Tight bounds for depth-two superconcentrators

We show that the minimum size of a depth-two N-superconcentrator is Θ(Nlog²N/loglogN). Before this work, optimal bounds were known for all depths except two. For the upper bound, we build superconcentrators by putting together a small number of disperser graphs; these disperser graphs are obtained using a probabilistic argument. We present two different methods for showing lower bounds. First, we show that superconcentrators contain several disjoint disperser graphs. When combined with the lower bound for disperser graphs due to Kovari, Sos and Turan, this gives an almost optimal lower bound of Ω(N(log N/loglog N)²) on the size of N-superconcentrators. The second method, based on the work of Hansel (1964), gives the optimal lower bound.
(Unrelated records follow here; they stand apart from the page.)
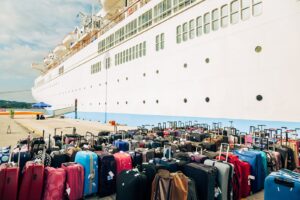 Read more about the article How long does it take to disembark a cruise ship?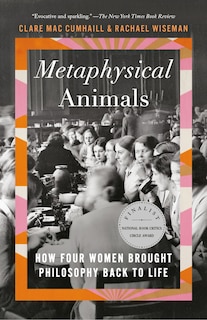 Front cover_Metaphysical Animals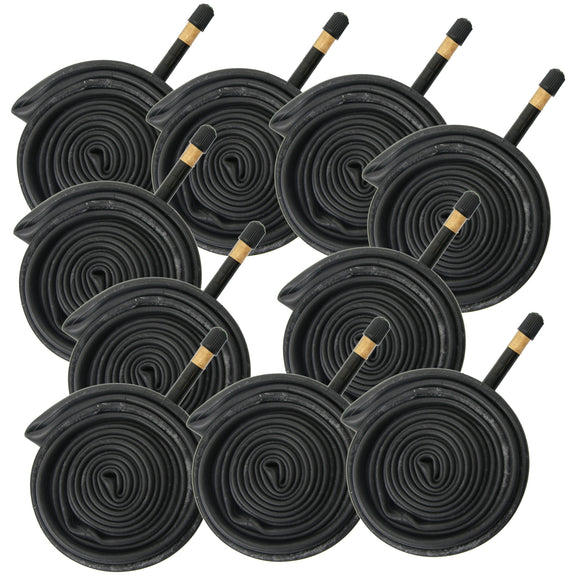 Sunlite Utili-T 700x35-42 (27x1-3/8) Schrader 48mm Tube - The Bikesmiths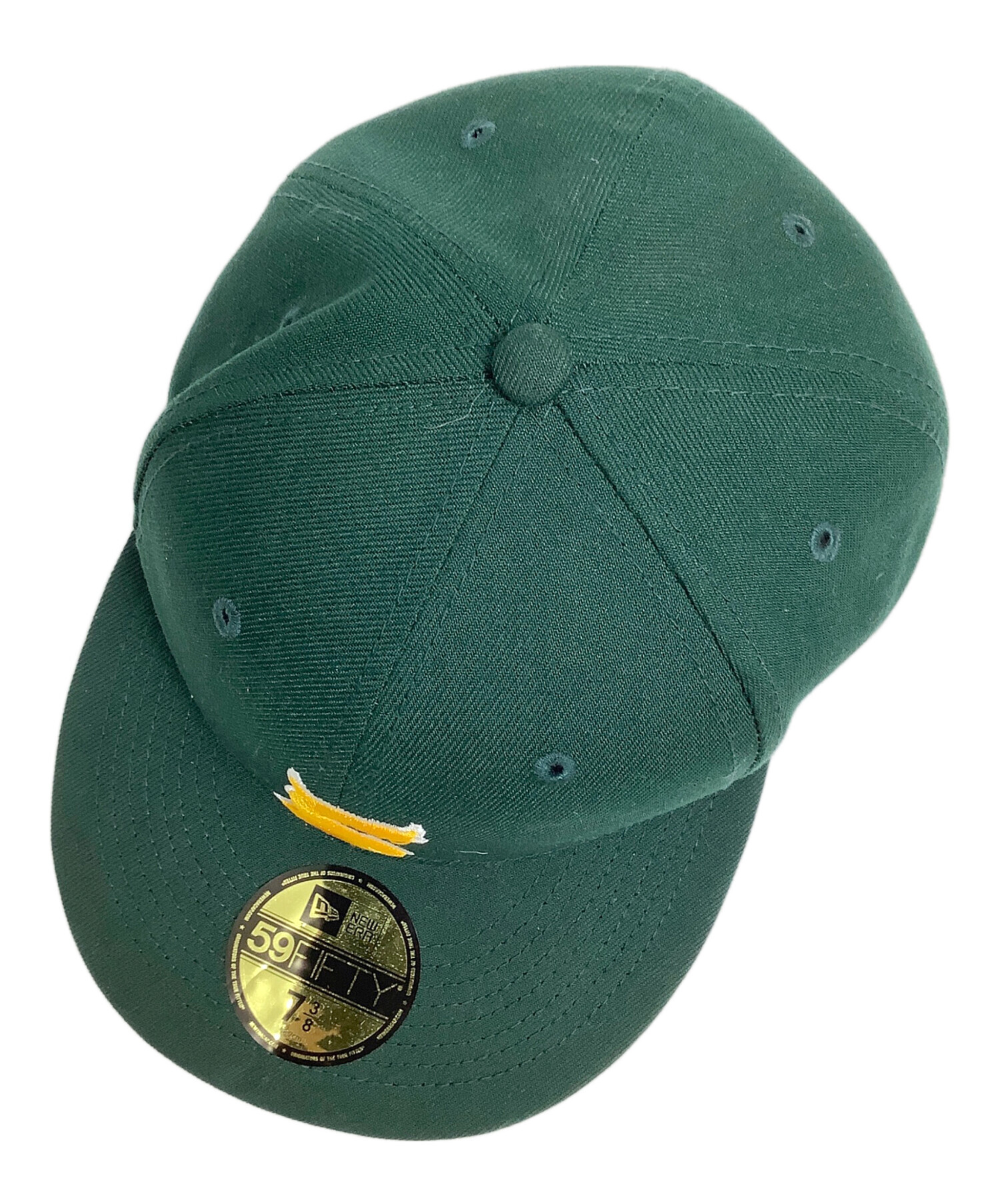 中古・古着通販】Supreme (シュプリーム) New Era (ニューエラ 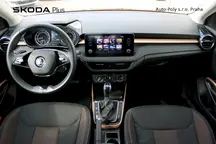 Fabia Style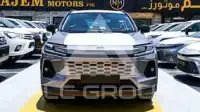 2026 Toyota RAV4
The method of the Kovari, Sos and Turan can be extended to give tight lower bounds for extractors, both in terms of the number of truly random bits needed to extract one additional bit and in terms of the unavoidable entropy loss in the system. If the input is an n-bit source with min-entropy κ and the output is required to be within a distance of E from uniform distribution, then to extract even a constant number of additional bits, one must invest at least log(n-κ)+2 log(1/ε)-O(1) truly random bits; to obtain m output bits one must invest at least m-κ+2 log(1/ε)-O(1). Thus, there is a loss of 2 log(1/ε) bits during the extraction. Interestingly in the case of dispersers this loss in entropy is only about loglog(1/ε)